“La tomba è un monumento posto al confine tra due mondi” scriveva Jaques-Henry Bernardin Saint-Pierre, autore del romanzo “Paul e Virginie”, influenzato dalle concezioni sulla natura di Jean Jacques Rousseau. Quando capita – e la cosa accade molto più spesso di quanto si pensi – di leggere notizie di tombe macchiate, offese o violate la prima reazione che si ha è quella dello sconcerto. Che è sbalordimento prima e turbamento poi.

La notizia della profanazione della tomba di Alfredino Rampi al Cimitero del Verano di Roma – tomba su cui qualcuno ha disegnato undici svastiche – oltre allo sconcerto, allo sbalordimento e al turbamento ha provocato anche una vera indignazione civile.

Per quelli della mia generazione – “fratelli” di Alfredino per trasporto di contemporaneità – che abbiamo sofferto angoscia e dispiacere in diretta televisiva per giorni interi nel giugno del 1981, la notizia della profanazione è stata tale da riaprire una ferita ancora sanguinante.

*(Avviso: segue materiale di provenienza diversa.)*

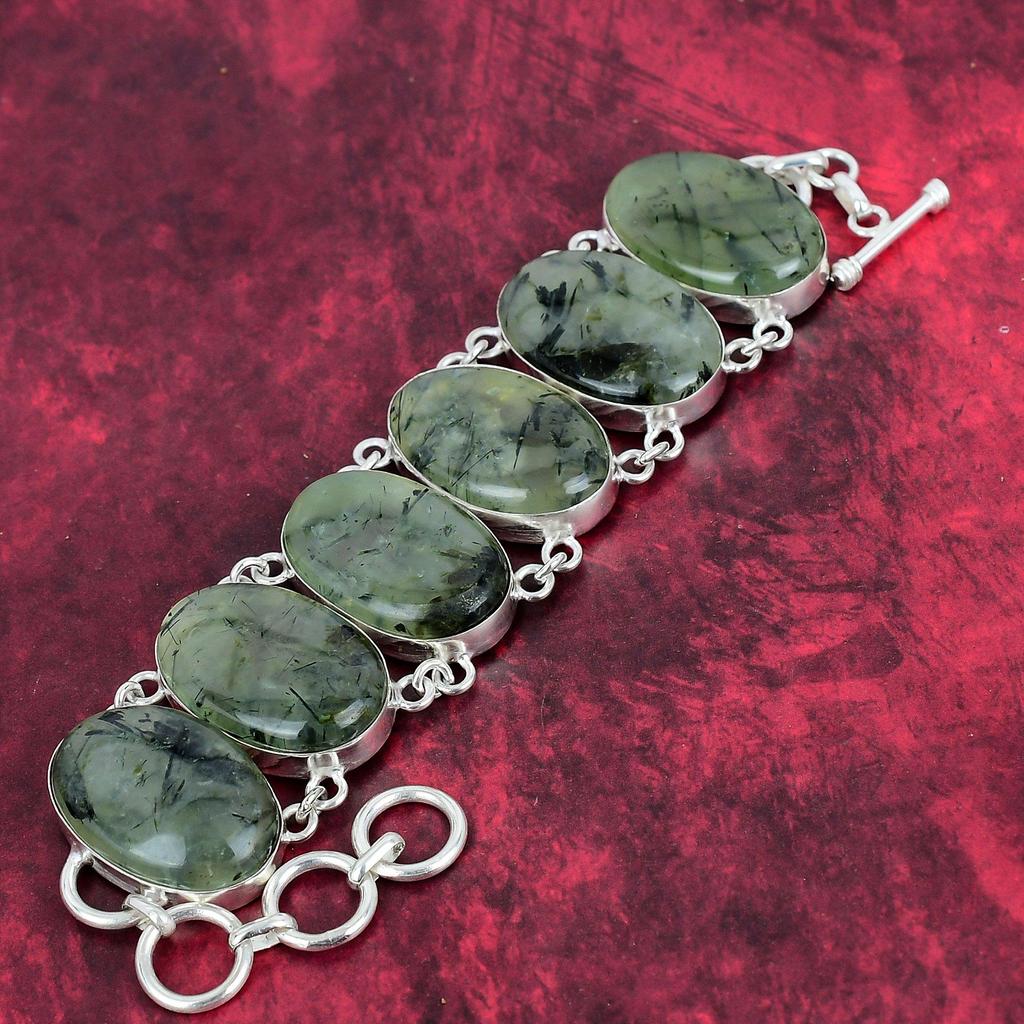 Браслет из пренита, Браслет из драгоценных камней, Ювелирные изделия ручной работы, Браслет из чистого серебра 925 пробы, Браслет-цепочка, Ювелирные изделия из пренита, подарок на помолвку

Dal 1981 in poi, io, Alfredino lo ricordo spesso. Lo menziono in ogni dove e ascolto o leggo tutto ciò che viene detto e scritto su quei tragici giorni di giugno di quarantuno anni fa. Sono stato anche a Vermicino più volte in questi anni, a guardare il maledetto pozzo artesiano in cui morì e in cui il mondo – tutto il mondo – mi pareva allora essersi infilato senza più farne ritorno.

Se ci penso, ancora oggi, provo un profondo senso di strazio. E non potrebbe essere altrimenti, dal momento che quella tragica esperienza, io, insieme ad altre trenta milioni di persone, l’abbiamo vissuta proprio come se fossimo stati lì sul posto, a penare per la sorte di Alfredino e ad incitare i soccorritori durante le operazioni di soccorso per poi piangere, quando si è capito che per salvare Alfredino non c’era più nulla da fare.

Ore e ore di ansia (18 per la precisione), intervallate da momenti di speranza e di tormento. Ho ancora impresso il volto di mamma Franca Bizzarri e di papà Ferdinando Rampi, madre e padre mediatici di tutti quanti noi bambini. Immagini terribili. Ho ancora il ricordo della disperazione dei vigili del fuoco, della voce rotta dall’emozione dei giornalisti, del pianto del Presidente della Repubblica Sandro Pertini, della disperazione degli speleologi, della rabbia dei volontari, della delusione dei nani che provavano ad infilarsi in quel maledetto “occhio nero” e della sofferenza della tanta gente comune accorsa sul posto per stare vicino ad Alfredino.

 

La tragedia di Vermicino fa parte della storia d’Italia: rappresenta il primo fatto di cronaca seguito istante dopo istante da un intero Paese.

In un articolo apparso su “Epoca” il 27 giugno 1981, dal titolo “Alfredo il nostro rimorso”, Leonardo Sciascia, ricordando i giorni di Vermicino, scrisse: “E’ stata una notte come quella del primo sbarco sulla luna: il trionfo della tecnologia allora; la sua tragica sconfitta ora, davanti al pozzo di Vermicino. Si può andare sulla luna, ma non si può salvare un bambino caduto in un pozzo. Ne veniva un senso di angosciosa impotenza, di disperazione”.

Rinnovo ciò che ho scritto a tal proposito otto anni fa prendendo a prestito il grande Sciascia: si faccia in modo che la Memoria di Alfredino Rampi sia tramandata e diventi Storia, per evitare di far scivolare menti ignoranti o fragili nel pozzo dell’abbandono. Perché quella tomba profanata non venga relegata ad atto vandalico senza arte né parte. Non si può. Per ciò che è stato. Per il dolore della famiglia Rampi e per la coscienza civile di un intero Paese.